* _What you need to do_
Starting at the line containing "Bottom line is" and ending at the line containing "Insulin is a", transcribe the listing below exactly. Keep both end lines, skip the pictures, and copy nothing else.
──────── Dataset excerpts
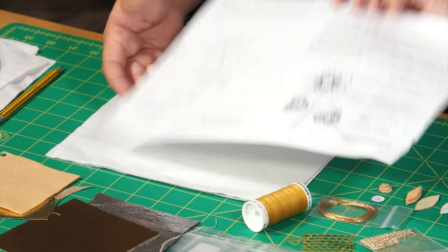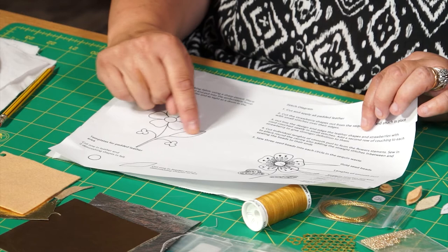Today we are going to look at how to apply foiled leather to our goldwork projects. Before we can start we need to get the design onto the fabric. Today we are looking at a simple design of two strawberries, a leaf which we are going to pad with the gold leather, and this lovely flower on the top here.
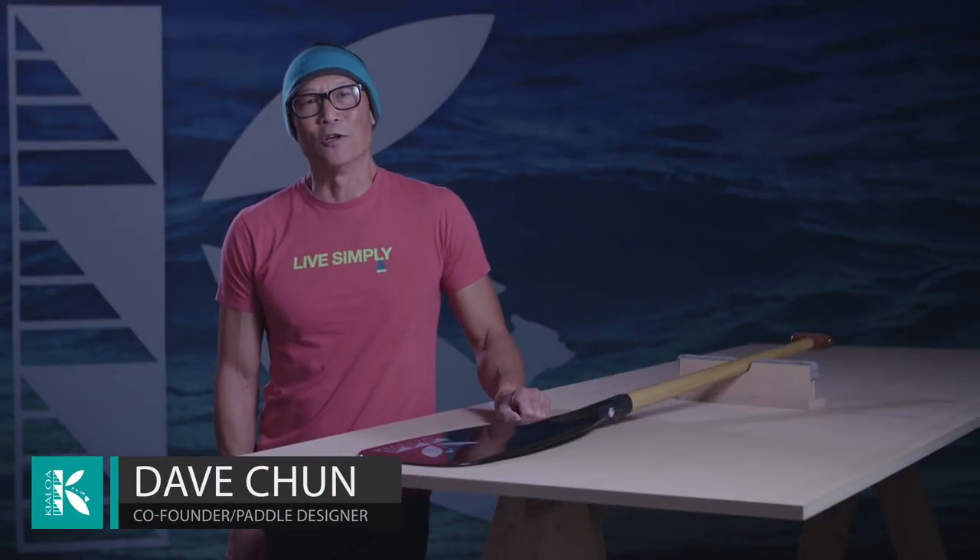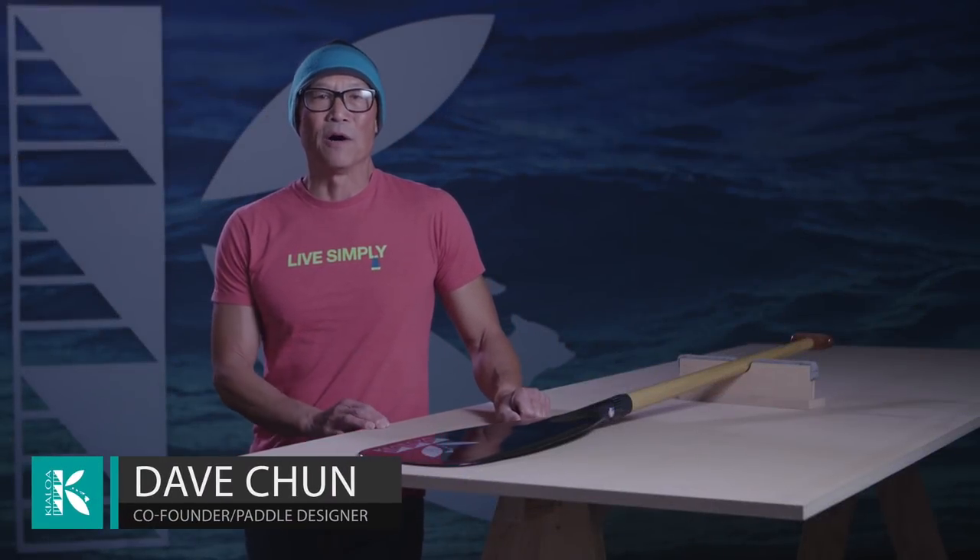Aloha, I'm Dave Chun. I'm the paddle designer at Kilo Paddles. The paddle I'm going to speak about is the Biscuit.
────────────────
──────── Dataset excerpts
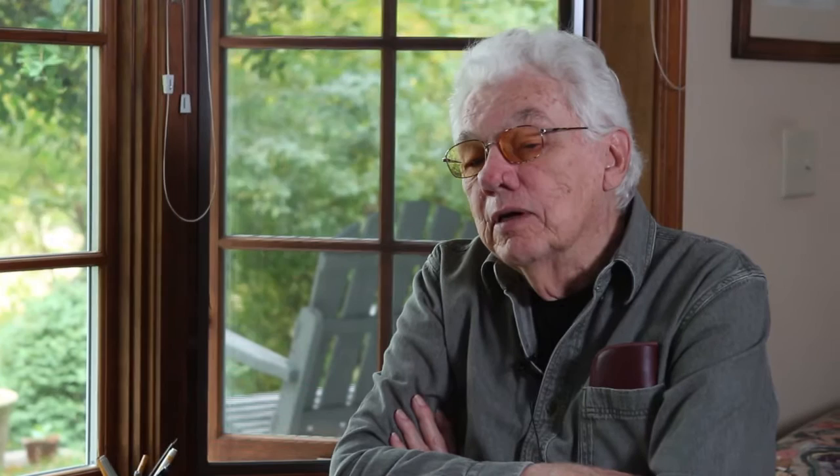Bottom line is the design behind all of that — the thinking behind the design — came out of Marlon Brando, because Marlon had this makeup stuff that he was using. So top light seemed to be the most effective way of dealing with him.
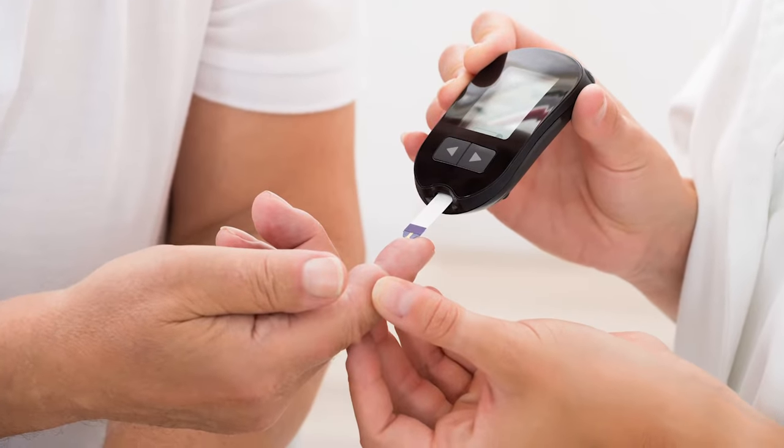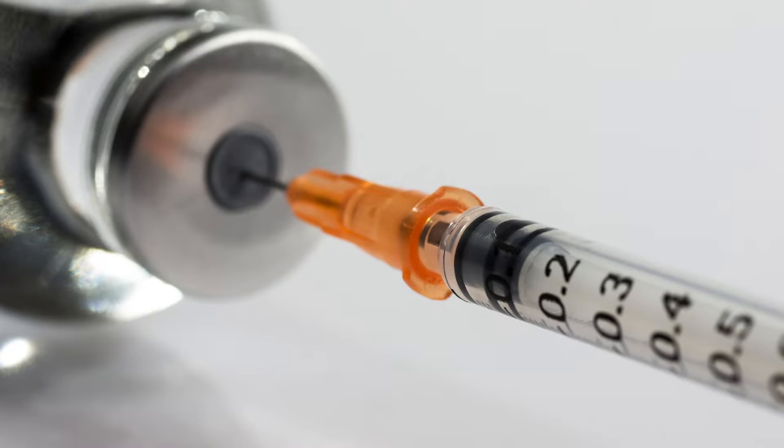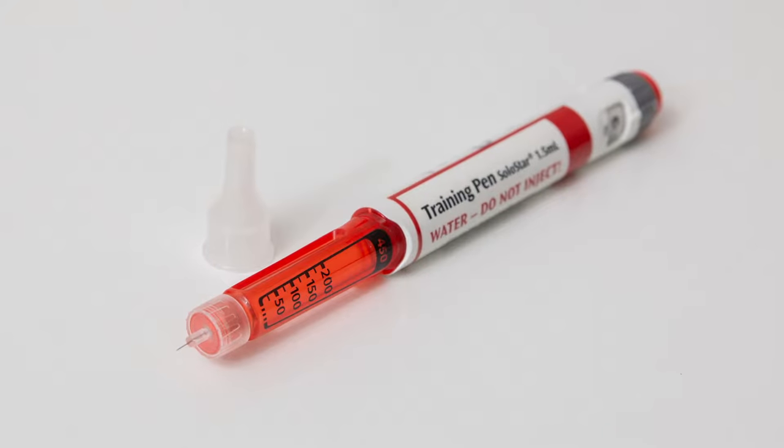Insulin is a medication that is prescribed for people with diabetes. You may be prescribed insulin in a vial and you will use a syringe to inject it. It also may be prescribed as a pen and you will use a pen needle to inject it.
────────────────
* _Expected answer_
Bottom line is the design behind all of that — the thinking behind the design — came out of Marlon Brando, because Marlon had this makeup stuff that he was using. So top light seemed to be the most effective way of dealing with him.
Insulin is a medication that is prescribed for people with diabetes. You may be prescribed insulin in a vial and you will use a syringe to inject it. It also may be prescribed as a pen and you will use a pen needle to inject it.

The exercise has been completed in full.